Neuroma

A neuroma is a thickening of nerve tissue. While neuromas can occur in different areas of the body, the most common neuroma in the foot is known as Morton’s neuroma, which occurs between the third and fourth toes. It is also referred to as an intermetatarsal neuroma. Anything that causes compression or irritation of the nerve can lead to the development of a neuroma. People with certain foot deformities such as bunions or hammertoes are at a higher risk for developing a neuroma. One of the most common causes of foot neuroma is wearing shoes that have a tapered toe box or high-heeled shoes that force the toes into the toe box. Common symptoms can include tingling, burning, or numbness; pain; the feeling that something is inside the ball of the foot; or a feeling that something in the shoe or sock is bunched up. The best time to see a foot and ankle medical professional is early in the development of symptoms, as early diagnosis of a Morton’s neuroma greatly lessens the need for more invasive treatment and can help avoid the need for surgical intervention.

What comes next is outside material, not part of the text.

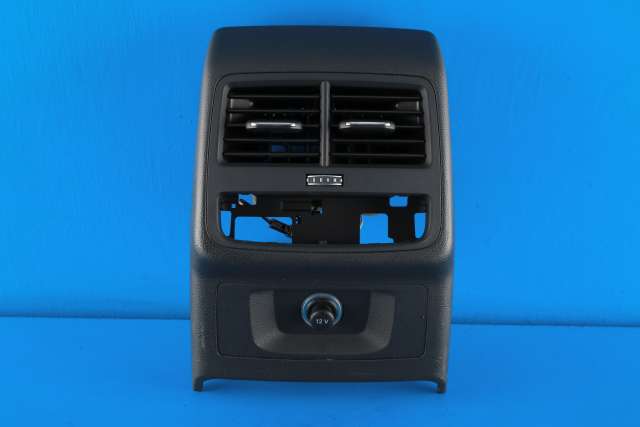 Dashbord friskluftdyse til Audi A4, 2015-2019 (Type V, Fase 1) (B9) (B9) (VAG|8W0 864 376)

Nonsurgical treatment options include padding, ice, orthotic devices, laser therapy, activity modifications, shoe modifications, nonsteroidal anti-inflammatory drugs (NSAIDs), and injection therapy. Surgery should be considered for patients who do not respond to nonsurgical treatment.

“Morton’s neuroma may feel as if you are standing on a pebble in your shoe; however, that is not what you are actually feeling. Morton’s neuroma is a painful condition that affects the ball of the foot and is most common in the area between the third and fourth toes.”